Datum: 16. Januar 2014

Was da aus dem Lautsprecher kommt, das heisert, das flüstert, das röhrt: Barbara Thalheim hatte mal wieder eine Häutung erzählt ihre neue CD „Zwischenspiel“ und so überlegt der Hörer, ob die Lieder vorher alle nur ein Vorspiel waren und ob das Zwischenspiel uns auf ein Endspiel vorbereiten soll, jene finale Musik, die auch die Verdammten dieser Erde aufwachen lässt. Denn natürlich tarnen sich die Texte der Thalheim nur als private Liebeslieder, in Wahrheit ist die komplette CD ein öffentliches Bekenntnis zur Menschenliebe, zu jener Sorte Zuwendung, deren Ergebnis nur Umwälzung werden kann.

Überdeutlich wird das Umwälzungspotential im Stück „Ist vielleicht . . .“, hier wird der Konjunktiv zum Hebel Zukünftiges zu verändern, es für möglich zu halten, dass in jedem beliebigen Kind ein Mozart stecken kann, in jedem Punk ein Heine, in jedem Autist ein Humboldt zu finden wäre, wenn man nur achtsam mit ihnen umginge. Und wenn die Sängerin ausruft, sie sei „Zum Sehen geboren“, dann ist das poetische Plädoyer für eine Selbstständigkeit zu hören, die mit der lateinischen Emanzipation nur mühsam das Wort Befreiung kaschiert: „Ich bin zum Sehen geboren, und nicht, dass mir einer sagt was er sieht“ singt Barbara Thalheim und wir wissen: Die lässt sich nix sagen, die sagt lieber selbst was.

Wie wird einer, eine Sängerin, Musikerin? Früher fing man mit der Blockflöte an, später ging man zum Take That-Konzert, heute lässt man sich von Dieter Bohlen traktieren. Viele wollen, wenigen gelingt es. Man muss bluten, wenn man auf die Bühne will, man muss sein Herzblut opfern, sich ausliefern. Was kann bei Barbara Thalheim der Auslöser für diese Art von Masochismus gewesen sein?
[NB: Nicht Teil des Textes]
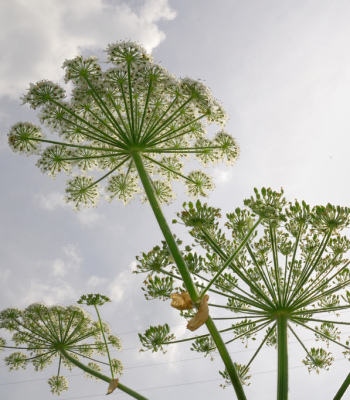 looking up through Queen Anne's Lace flowers.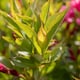 image 7 of Marshalls Garden Weigela Picobella 'Rosa' Compact Pink Flowering Shrub | Pink | Pink | 3L Plants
Sicher ist, das ist aus ihren Liedern zu hören, dass sie ein einsames Kind war. Kann sein, dass ihr häufiger Wechsel zwischen Leipzig und Berlin, bedingt durch den Beruf ihres Vaters, zur Einsamkeit beitrug. Wie in aller Kunst sind es Verletzungen, die jener Sublimierung bedürfen, die auf die Bühne führen.

Immerhin drei Jahre war Barbara Thalheim Mitglied des Oktoberklubs, jenes schnellen Talentbrüters in der DDR, der sich dem politischen Lied und auch dem Land verschrieben hatte. Und wenn sich die Thalheim auf dem Weg zum eigenen Lied auch zeitweilig als Botin im Deutschen Theater betätigte, in der fürsorglich-vormundschaftlichen DDR entging sie nicht einem „Berufsausweis als Sängerin“ und einem Hochschulstudium. Das hinderte sie nicht den kaum akademischen Pfad zum Chanson zu finden. Da haben wir sie nun heute, eine der wenigen deutschen Diseusen, auf ihrer neuen CD eingebettet in eine Gruppe exzellenter Musiker, in der Rüdiger Krause die Töne aus seiner Gittare perlen lässt, Topo Gioia mit Latino-Trommeln den Takt schlägt und Bartek Mlejnek mit dem Bass den Rhythmus vorgibt.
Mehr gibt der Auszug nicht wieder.